--- Source data Enclosed Below ---
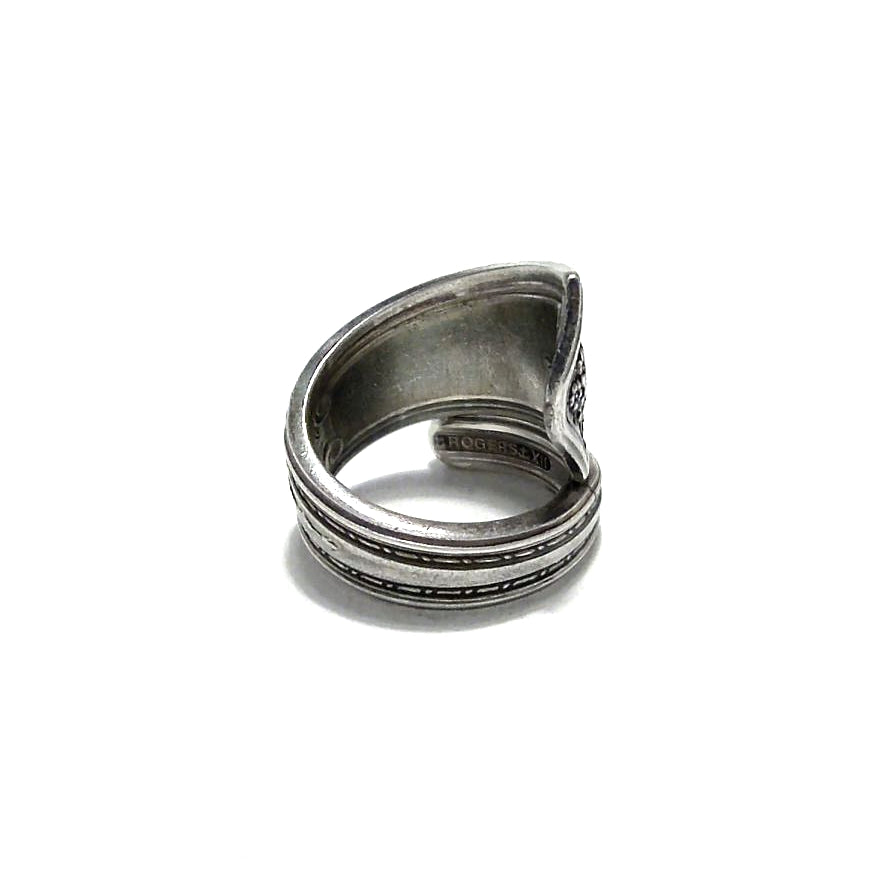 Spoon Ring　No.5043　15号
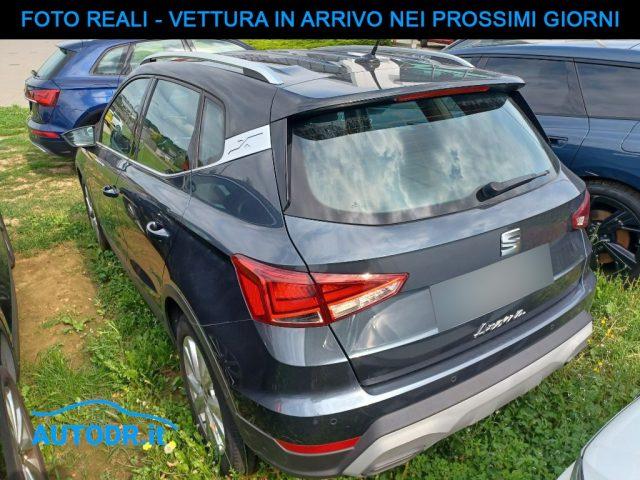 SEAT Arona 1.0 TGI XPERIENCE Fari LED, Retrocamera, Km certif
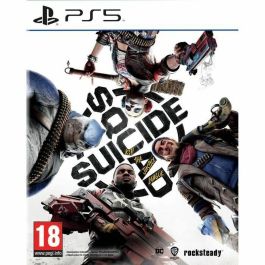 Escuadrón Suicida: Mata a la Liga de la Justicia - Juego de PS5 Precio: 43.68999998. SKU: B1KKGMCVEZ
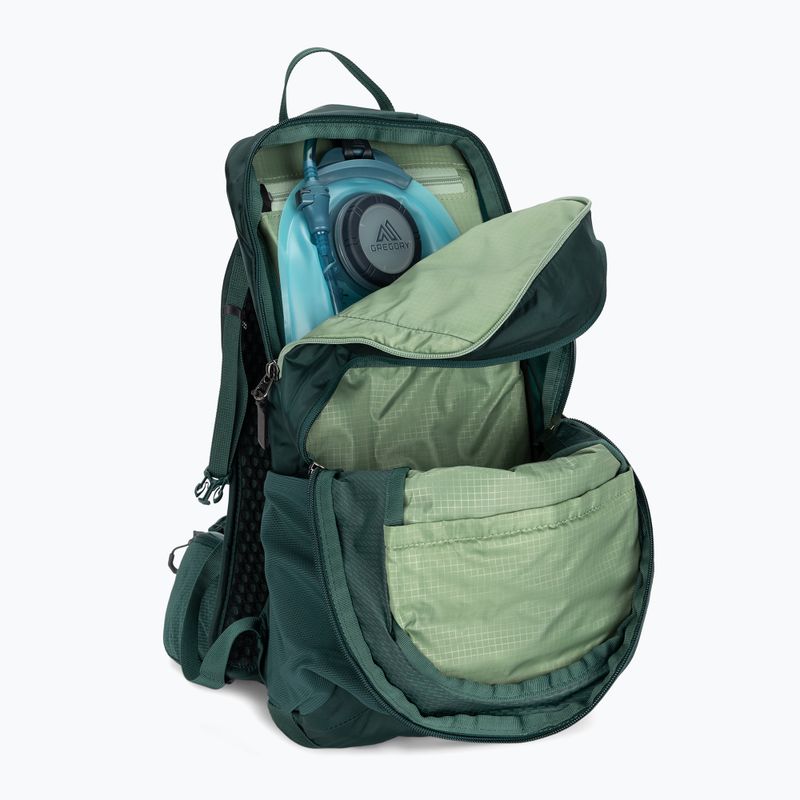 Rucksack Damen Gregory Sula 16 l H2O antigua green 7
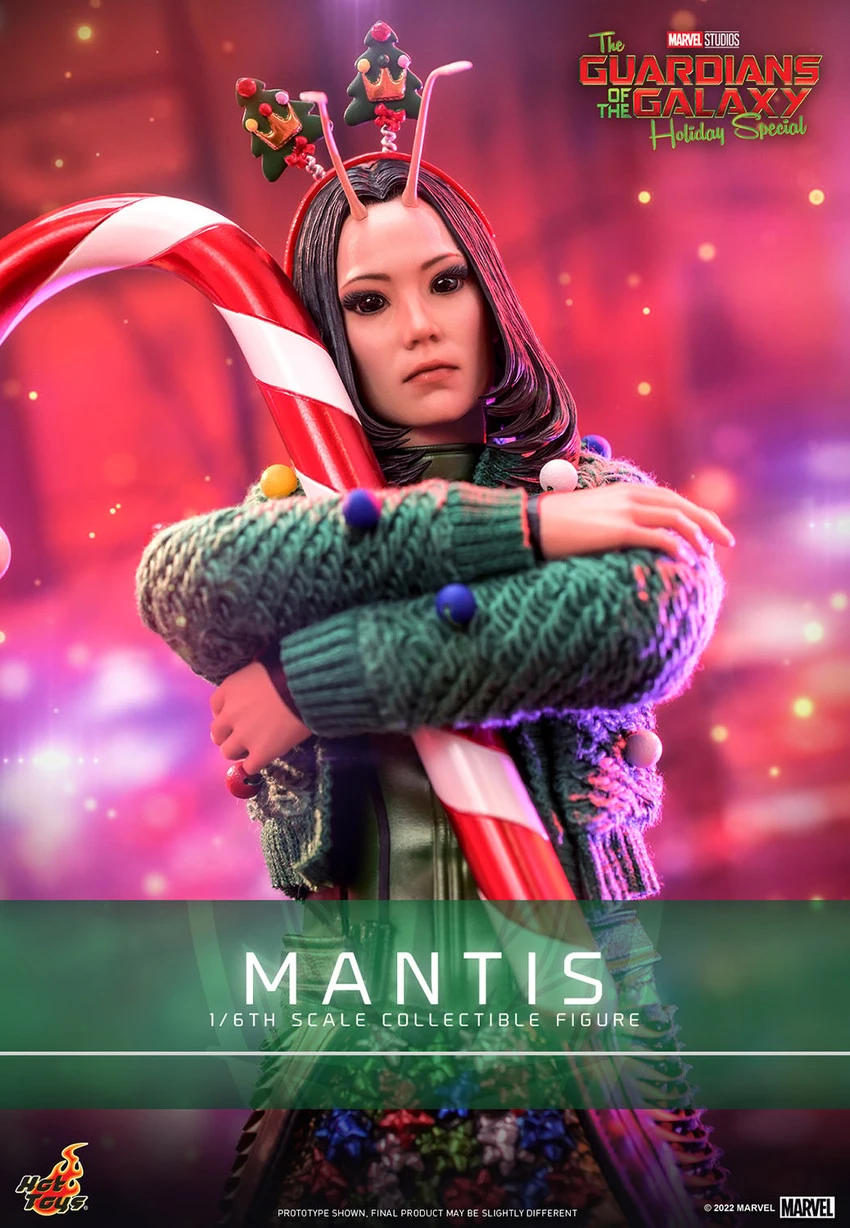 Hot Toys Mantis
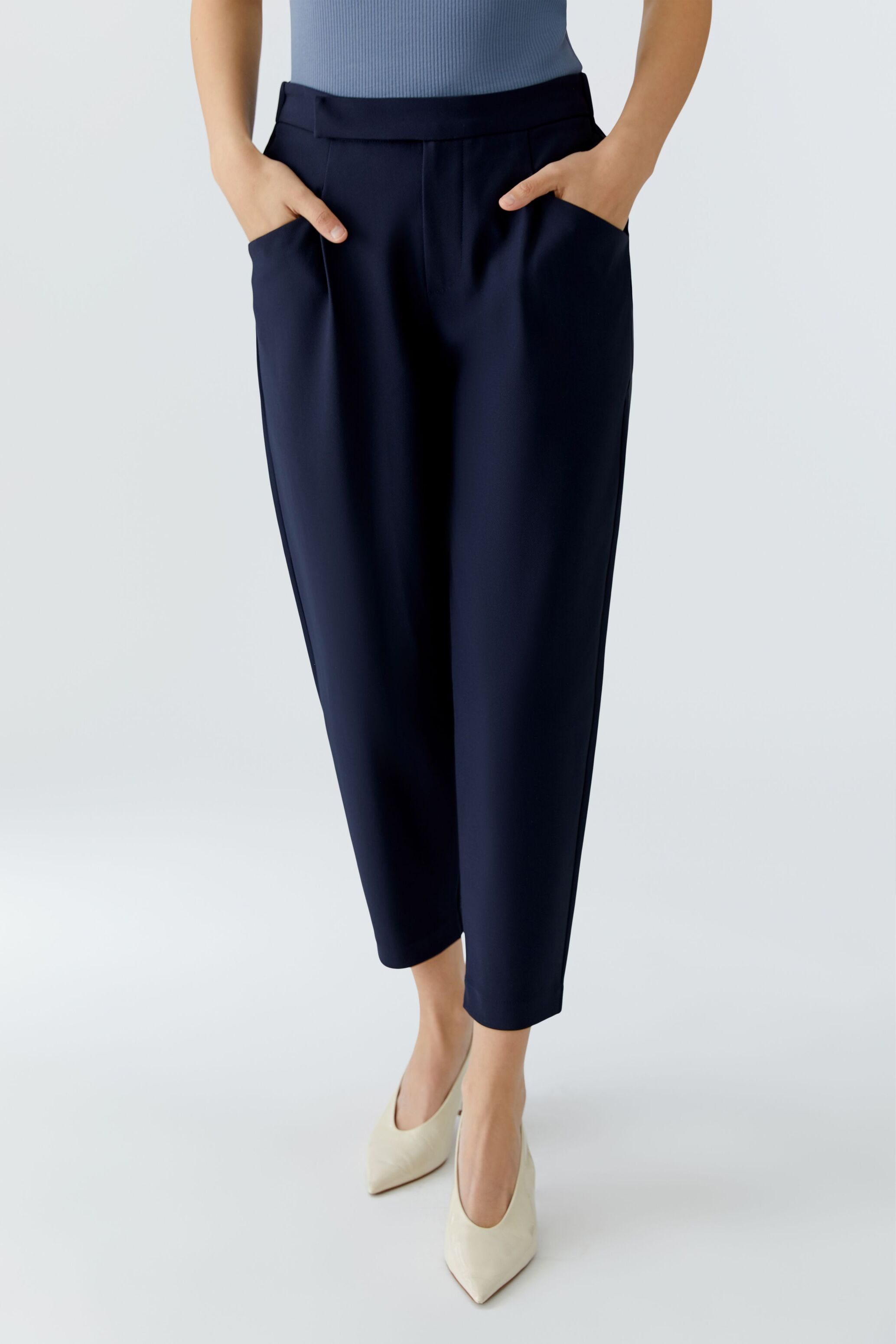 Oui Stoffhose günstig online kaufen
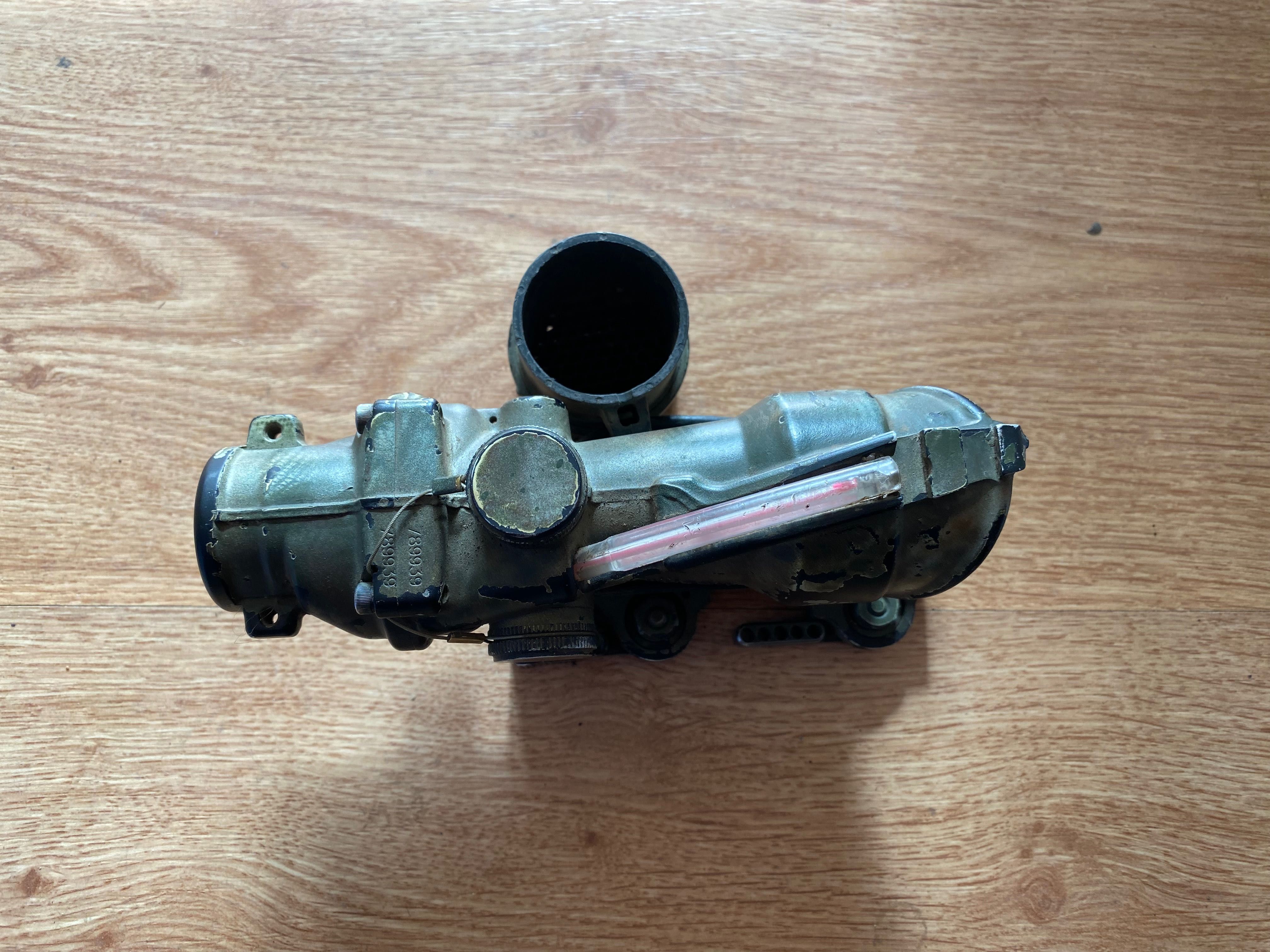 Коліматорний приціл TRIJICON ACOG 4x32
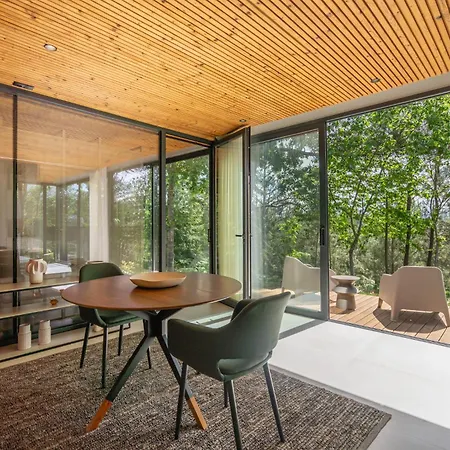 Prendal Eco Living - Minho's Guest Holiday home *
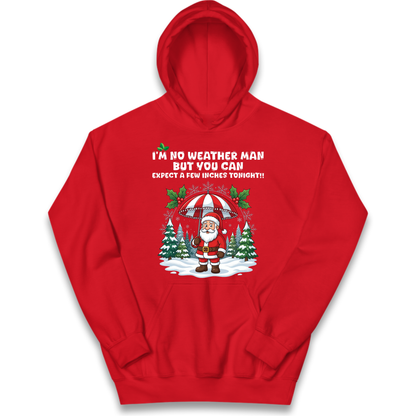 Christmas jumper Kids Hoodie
--- End of Enclosed Source data ---
[Prompt] Take the lines from the one holding "Коліматорний приціл TRIJICON ACOG 4x32" through the last line of the data above and copy them exactly, both ends included, omitting all pictures.

[Result for this task]
 Коліматорний приціл TRIJICON ACOG 4x32
 Prendal Eco Living - Minho's Guest Holiday home *
 Christmas jumper Kids Hoodie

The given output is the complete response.